-- Information supplied follows --
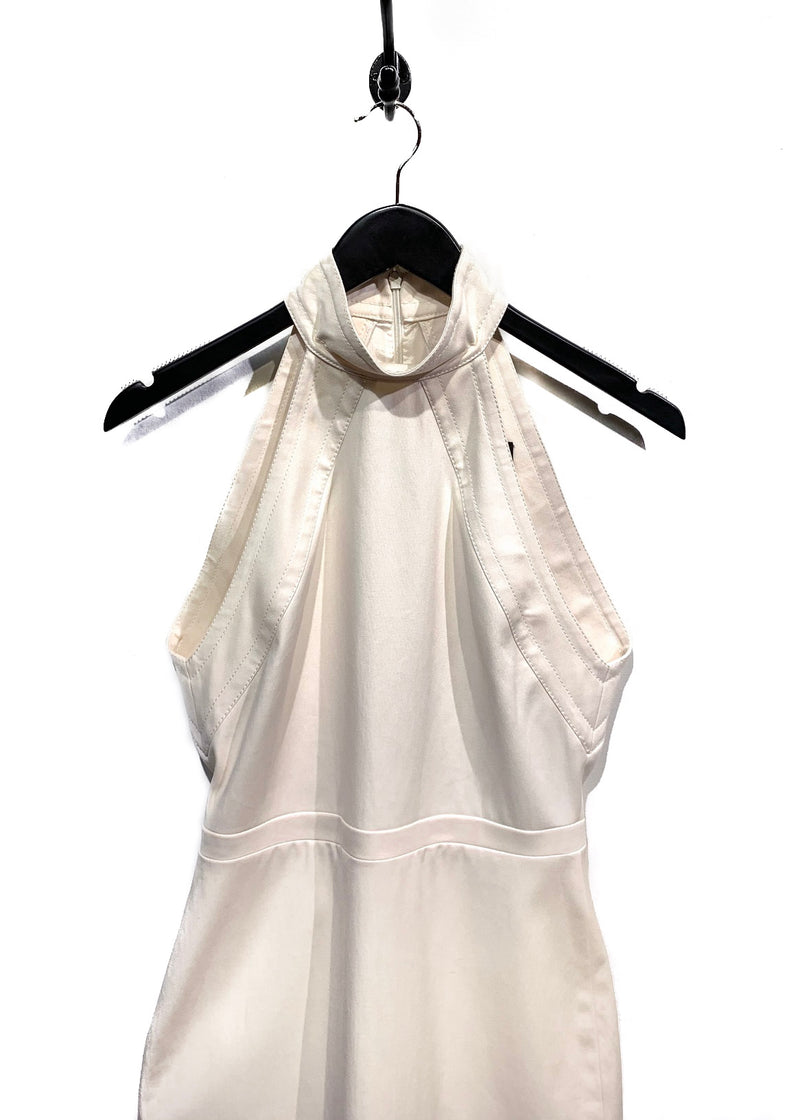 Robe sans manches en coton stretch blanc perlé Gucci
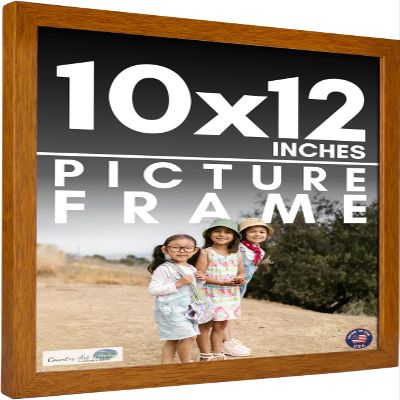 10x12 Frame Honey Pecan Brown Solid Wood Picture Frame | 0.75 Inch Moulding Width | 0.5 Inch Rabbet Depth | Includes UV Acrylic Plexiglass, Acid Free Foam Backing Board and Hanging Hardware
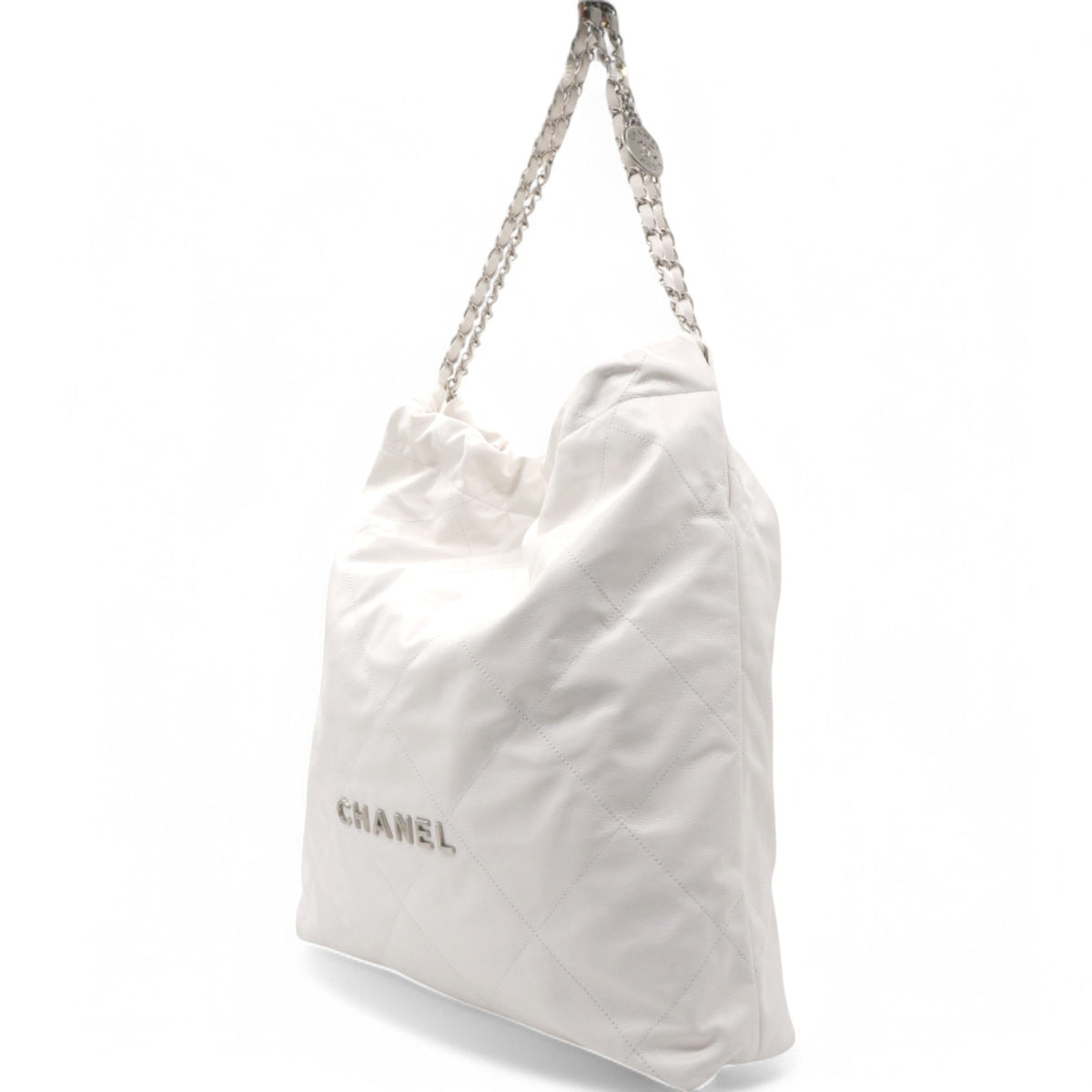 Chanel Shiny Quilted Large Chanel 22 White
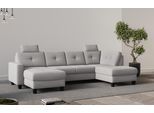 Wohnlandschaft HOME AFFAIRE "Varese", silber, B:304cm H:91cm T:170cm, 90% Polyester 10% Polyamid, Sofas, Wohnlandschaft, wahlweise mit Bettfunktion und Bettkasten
-- Information supplied concluded --
§ Required work: Only the lines from the one with "Chanel Shiny Quilted Large Chanel 22 White" through the final line of the data should be written out, exactly and including both ends. Skip the pictures.

§ Task result:
 Chanel Shiny Quilted Large Chanel 22 White
 Wohnlandschaft HOME AFFAIRE "Varese", silber, B:304cm H:91cm T:170cm, 90% Polyester 10% Polyamid, Sofas, Wohnlandschaft, wahlweise mit Bettfunktion und Bettkasten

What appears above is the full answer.